In Spain, the series initially aired on Telecinco. After initially producing views below expectations, it was moved to Divinity, where it aired in the afternoon, standing out and enjoying great success, becoming an unexpected "summery talisman" in the 2021 summer. In September 2021, during the broadcast of the series finale, Love is in the Air'''s episode became the most tweeted in history, beating the previous record of 7.8 million tweets set by Game of Thrones' The Long Night''.

Cast

Main characters
 Eda Yıldız (episodes 1–52), played by Hande Erçel. 
A dreamer and passionate about flowers, Eda lives with the pain of the premature loss of her parents. She has a bitter enemy: Serkan Bolat. In fact, he canceled her scholarship, preventing her from graduating as a landscape architect and studying in Italy.

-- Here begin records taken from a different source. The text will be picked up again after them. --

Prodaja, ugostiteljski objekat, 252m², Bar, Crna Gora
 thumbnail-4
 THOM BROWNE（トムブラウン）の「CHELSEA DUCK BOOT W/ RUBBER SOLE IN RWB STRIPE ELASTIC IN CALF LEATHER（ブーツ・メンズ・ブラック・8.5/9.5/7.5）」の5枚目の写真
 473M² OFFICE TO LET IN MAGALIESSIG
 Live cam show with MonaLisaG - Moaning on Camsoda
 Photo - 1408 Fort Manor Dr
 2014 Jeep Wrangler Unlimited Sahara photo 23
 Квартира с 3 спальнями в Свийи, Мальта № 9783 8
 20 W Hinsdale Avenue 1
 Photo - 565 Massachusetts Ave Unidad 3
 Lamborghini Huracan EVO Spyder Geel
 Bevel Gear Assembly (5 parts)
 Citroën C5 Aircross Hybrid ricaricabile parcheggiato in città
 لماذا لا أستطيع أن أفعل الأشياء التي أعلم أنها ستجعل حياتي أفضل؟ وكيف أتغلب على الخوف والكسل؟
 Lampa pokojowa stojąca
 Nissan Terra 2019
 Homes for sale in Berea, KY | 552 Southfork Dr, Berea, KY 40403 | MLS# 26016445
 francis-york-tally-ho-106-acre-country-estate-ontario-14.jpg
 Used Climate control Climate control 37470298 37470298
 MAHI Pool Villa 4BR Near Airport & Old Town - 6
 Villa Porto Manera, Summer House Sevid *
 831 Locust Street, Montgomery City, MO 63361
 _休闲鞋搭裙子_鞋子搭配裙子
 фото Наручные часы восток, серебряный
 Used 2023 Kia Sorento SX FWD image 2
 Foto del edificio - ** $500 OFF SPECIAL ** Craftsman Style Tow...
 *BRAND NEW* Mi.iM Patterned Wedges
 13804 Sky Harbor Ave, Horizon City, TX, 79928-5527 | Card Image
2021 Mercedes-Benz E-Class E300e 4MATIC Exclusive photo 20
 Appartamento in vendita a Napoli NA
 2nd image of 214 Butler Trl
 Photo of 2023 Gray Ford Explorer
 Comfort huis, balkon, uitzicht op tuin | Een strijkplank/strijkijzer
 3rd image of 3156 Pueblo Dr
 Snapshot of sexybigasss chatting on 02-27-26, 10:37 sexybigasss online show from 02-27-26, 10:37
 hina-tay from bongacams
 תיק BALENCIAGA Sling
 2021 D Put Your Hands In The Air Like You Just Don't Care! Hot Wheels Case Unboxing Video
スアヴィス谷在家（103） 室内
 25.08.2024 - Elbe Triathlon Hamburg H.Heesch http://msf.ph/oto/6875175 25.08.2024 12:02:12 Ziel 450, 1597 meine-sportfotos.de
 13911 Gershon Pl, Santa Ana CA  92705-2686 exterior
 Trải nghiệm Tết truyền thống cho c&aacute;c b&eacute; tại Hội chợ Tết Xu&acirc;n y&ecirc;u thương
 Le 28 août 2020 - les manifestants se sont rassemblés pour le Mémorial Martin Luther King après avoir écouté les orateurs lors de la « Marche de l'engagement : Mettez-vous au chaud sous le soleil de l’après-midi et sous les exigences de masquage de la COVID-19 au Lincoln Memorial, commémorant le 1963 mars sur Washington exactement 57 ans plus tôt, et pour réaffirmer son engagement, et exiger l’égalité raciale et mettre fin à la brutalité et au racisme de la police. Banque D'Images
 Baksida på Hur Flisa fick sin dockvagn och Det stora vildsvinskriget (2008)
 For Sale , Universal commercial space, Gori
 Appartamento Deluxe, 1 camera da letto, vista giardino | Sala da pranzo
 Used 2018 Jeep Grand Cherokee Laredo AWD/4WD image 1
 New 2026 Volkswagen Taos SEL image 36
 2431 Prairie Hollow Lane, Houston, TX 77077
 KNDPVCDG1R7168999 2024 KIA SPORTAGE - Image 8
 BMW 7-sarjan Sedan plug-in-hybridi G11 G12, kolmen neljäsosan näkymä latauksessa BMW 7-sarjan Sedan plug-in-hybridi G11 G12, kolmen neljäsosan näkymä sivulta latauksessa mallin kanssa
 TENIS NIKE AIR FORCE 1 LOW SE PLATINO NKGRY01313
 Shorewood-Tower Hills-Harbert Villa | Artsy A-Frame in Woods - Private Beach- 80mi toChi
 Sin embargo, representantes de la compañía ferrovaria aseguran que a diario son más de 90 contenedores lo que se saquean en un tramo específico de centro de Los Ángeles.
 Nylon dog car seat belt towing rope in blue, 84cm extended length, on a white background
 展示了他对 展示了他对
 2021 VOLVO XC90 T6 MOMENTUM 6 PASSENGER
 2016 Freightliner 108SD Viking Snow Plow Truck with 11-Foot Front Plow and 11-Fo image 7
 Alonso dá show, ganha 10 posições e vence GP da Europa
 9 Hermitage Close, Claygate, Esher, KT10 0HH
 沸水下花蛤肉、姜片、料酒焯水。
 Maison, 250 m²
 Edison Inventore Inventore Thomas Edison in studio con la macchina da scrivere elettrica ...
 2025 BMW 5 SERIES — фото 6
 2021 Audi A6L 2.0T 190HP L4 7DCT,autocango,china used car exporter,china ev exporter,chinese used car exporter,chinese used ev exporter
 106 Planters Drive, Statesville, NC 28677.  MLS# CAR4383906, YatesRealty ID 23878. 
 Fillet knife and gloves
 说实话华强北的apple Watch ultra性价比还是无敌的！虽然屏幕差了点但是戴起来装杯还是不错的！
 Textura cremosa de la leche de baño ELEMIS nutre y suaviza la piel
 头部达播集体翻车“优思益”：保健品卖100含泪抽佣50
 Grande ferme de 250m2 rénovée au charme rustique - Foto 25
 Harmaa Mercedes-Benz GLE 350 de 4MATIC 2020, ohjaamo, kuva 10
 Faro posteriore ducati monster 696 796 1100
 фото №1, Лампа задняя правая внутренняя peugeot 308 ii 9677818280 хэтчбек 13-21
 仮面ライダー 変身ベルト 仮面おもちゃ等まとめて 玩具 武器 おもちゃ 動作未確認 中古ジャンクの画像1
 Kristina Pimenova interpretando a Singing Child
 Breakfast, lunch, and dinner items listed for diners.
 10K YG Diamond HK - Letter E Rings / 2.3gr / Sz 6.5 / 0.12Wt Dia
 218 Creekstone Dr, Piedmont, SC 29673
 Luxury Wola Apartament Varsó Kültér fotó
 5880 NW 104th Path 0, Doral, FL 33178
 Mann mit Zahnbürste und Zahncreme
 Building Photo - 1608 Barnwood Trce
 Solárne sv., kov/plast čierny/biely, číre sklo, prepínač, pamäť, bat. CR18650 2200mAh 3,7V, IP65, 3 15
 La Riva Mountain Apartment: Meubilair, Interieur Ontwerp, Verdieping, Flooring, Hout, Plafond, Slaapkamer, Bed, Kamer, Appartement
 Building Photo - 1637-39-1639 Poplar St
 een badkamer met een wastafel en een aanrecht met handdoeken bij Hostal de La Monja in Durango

That's why she works in her aunt's flower shop, who raised her and who treated her like her own daughter. They both share a home with Eda's childhood friend, Melo.
 Serkan Bolat (episodes 1–52), played by Kerem Bürsin. 
Hypochondriac, obsessive, cold and workaholic, Serkan Bolat is a wealthy internationally renowned architect, owner of Art Life, intent on preventing the marriage of his ex-girlfriend, Selin. To do this he proposes to Eda to pretend to be his girlfriend for two months: once the contract has expired, he will pay her back her scholarship

Secondary characters
 Engin Sezgin (episodes 1-52), played by Anil Ilter. He is Serkan's best friend and Piril's husband. 
 Piril Baytekin (episodes 1–52), played by Başak Gümülcinelioğlu. One of Serkan’s friends. She later becomes close to Eda as well. She is happily married to Engin Sezgin and has a son. She is a fine architect and has a nature quite similar to that of Serkan.
 Melek Yucel / Melo (episodes 1–52) played by Elçin Afacan. She is one of Eda’s close friends as well as housemate and they both have spent their childhood together. She is a dreamer and generally funny. Her dream is to find true love.
 Ceren Bașar (episodes 1–37) played by Melisa Döngel. One of Eda’s friends. She grows up in a rich lawyer family and is forced to become a lawyer too, however, her dream is to become a shoe designer. She is a fashion icon. Ceren dates Selin’s ex-fiancé, eventually getting married to him and becoming pregnant.
 Figen Yildirim / Fifi (episodes 1-28), played by M. Sitare Akbas. She is one of Eda's friends.
 Selin Atakan (episodes 1–22, 29–38), played by Bige Önal. Serkan's former girlfriend and childhood friend, she is the PR of the company and his partner in the family business built by their fathers. She is Eda's main antagonist.
 Ferit Simsek (episodes 1-39), played by Cagri Citanak. Selin's former fiancé. He is originally the reason for Eda and Serkan's fake engagement as Serkan did not trust Ferit. After his breakup with Selin, he has a relationship with Ceren.
 Leyla Haktan (episodes 1-39) played by Ilkyaz Arslan. She is Serkan's assistant.
 Erdem Sangay (episodes 1-52), played by Sarp Bozkurt. He is Engin's assistant.
Deniz Saraçhan (episodes 29–37), played by Sarp Can Köroğlu. He's been friends with Eda since elementary school. He initially helps her in her romance with Serkan but is secretly in love with her.
 Alexander Zucco (episodes 24–27, 29–34), played by Hakan Karahan.
 Semiha Yıldırım (episodes 23–28), played by Ayşegül İşsever. She is Eda's grandmother on the paternal side. Extremely rich, she has always frowned upon Eda's parents' marriage and does not appreciate her bond with Serkan Bolat.
 Tahir (episodes 23–28), played by Buğrahan Çayır.
 Balça Koçak (episodes 22–28), played by İlayda Çevik. He will briefly be the PR of Serkan's company and Eda's antagonist.
 Prens Seymen (episodes 25–26), played by Mert Öcal.
 Efe Akman (episodes 13–21), played by Ali Ersan Duru. He is a highly rated architect abroad who will be a partner in Serkan's company for a short time.
 Kaan Karadağ (episodes 1–10), played by İsmail Ege Şaşmaz. He is an old college friend of Serkan but now he hates him deeply and is always competing with him. He is Ferit's best friend.
 Kiraz (episodes 40–52), played by Maya Başol. She is the daughter of Serkan and Eda.
 Burak Balcı (episodes 40-52), played by Sinan Helvacı. A close friend of Eda who is secretly platonically in love with her, gets along really well with Kiraz.
 Ayfer Yildiz (episode1-52), played by Evrim Dogan. She is the aunt of Eda.
 Aidan Bolat (episode 1-52), played by Neslihan Yeldan. She is the mother of Serkan.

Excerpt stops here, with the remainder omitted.